Kurz zusammengefaßt: es ist eine Uhrzeit. Und weil Deutschland in der Tat in der Zeitzone GMT+1h liegt, wird aus 0 Uhr GMT eine deutsche Ortszeit von 1 Uhr.


----------



## cluening (7. Feb 2006)

Da kann ich Euch leider nicht ganz folgen ich frage doch bei beiden 
mit System.currentMillis ab. Bei beiden kommt ein long raus. 

Java ist manchmal schon ganz schön komisch


----------



## 0xdeadbeef (7. Feb 2006)

Es liegt nicht an den Millis, sondern am DateFormat. Du sagst ihm quasi: "stelle mir diese 313ms als Uhrzeit dar" und nicht "stelle mir die 313ms als Stunden, Minuten, Sekunden und Millisekunden dar", was Du eigentlich willst.

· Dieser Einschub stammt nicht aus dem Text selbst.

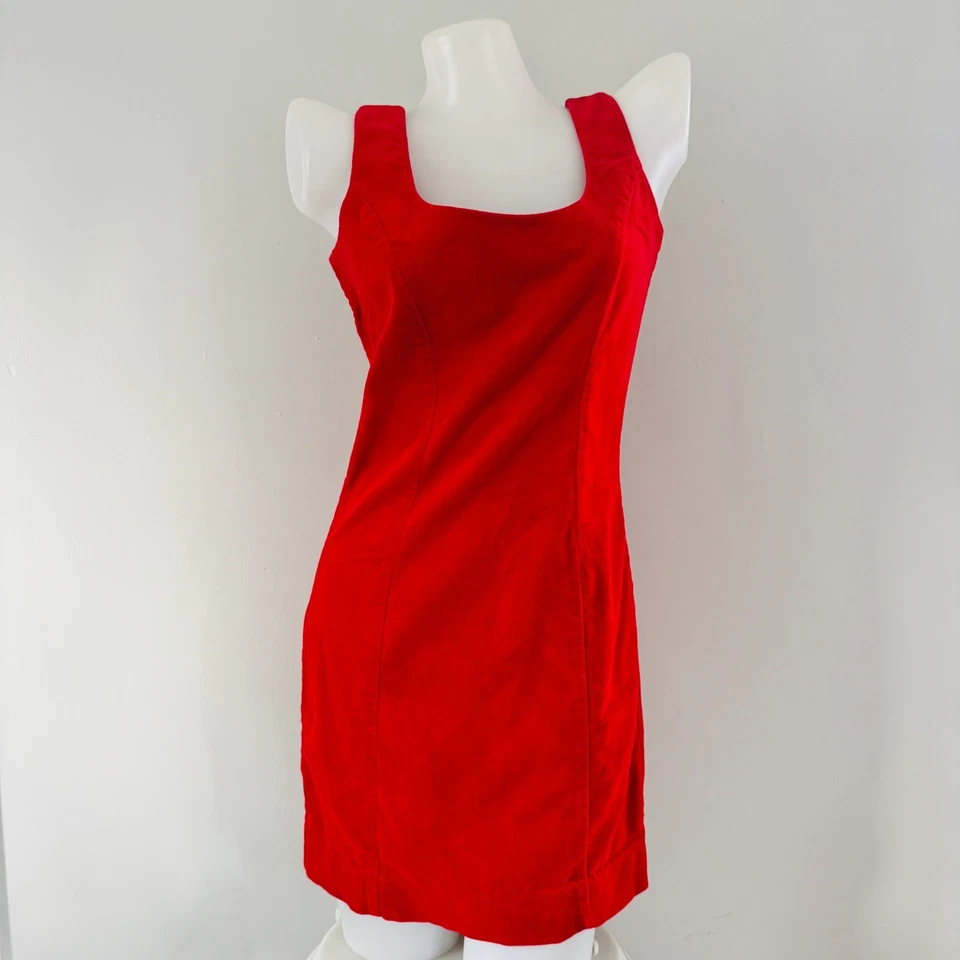 Mini vestido regata anos 80 vintage BETSEY JOHNSON veludo vermelho PUNK LABEL Mod Bodycon EUA M S - Imagem 3 de 4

Hat auch nichts mit Java zu tun, sondern daran, daß Du eine relative Zeitdifferenz in eine absolute Uhrzeit konvertierst.

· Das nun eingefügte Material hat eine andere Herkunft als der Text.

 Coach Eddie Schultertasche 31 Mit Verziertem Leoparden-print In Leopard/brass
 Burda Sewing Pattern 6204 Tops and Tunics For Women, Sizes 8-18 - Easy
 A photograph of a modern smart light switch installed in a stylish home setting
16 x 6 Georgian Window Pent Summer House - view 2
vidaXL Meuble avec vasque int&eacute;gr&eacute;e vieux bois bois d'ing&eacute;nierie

Wobei ich mich ernsthaft frage, warum Du Stunden usw. nicht einfach selber ausrechnest


----------



## SlaterB (7. Feb 2006)

> Da kann ich Euch leider nicht ganz folgen ich frage doch bei beiden
> mit System.currentMillis ab. Bei beiden kommt ein long raus.

wie bei beiden? 
313 long sind 00:00:00:313 in GMT
und 01:00:00:313 in GMT +1, also deutscher Zeit,

die eine Stunde wegen deutscher Zeit, das ist das Problem, mehr nicht


----------



## cluening (8. Feb 2006)

Ok habs mittlerweile gerallt !

Danke
cluening  :wink:


----------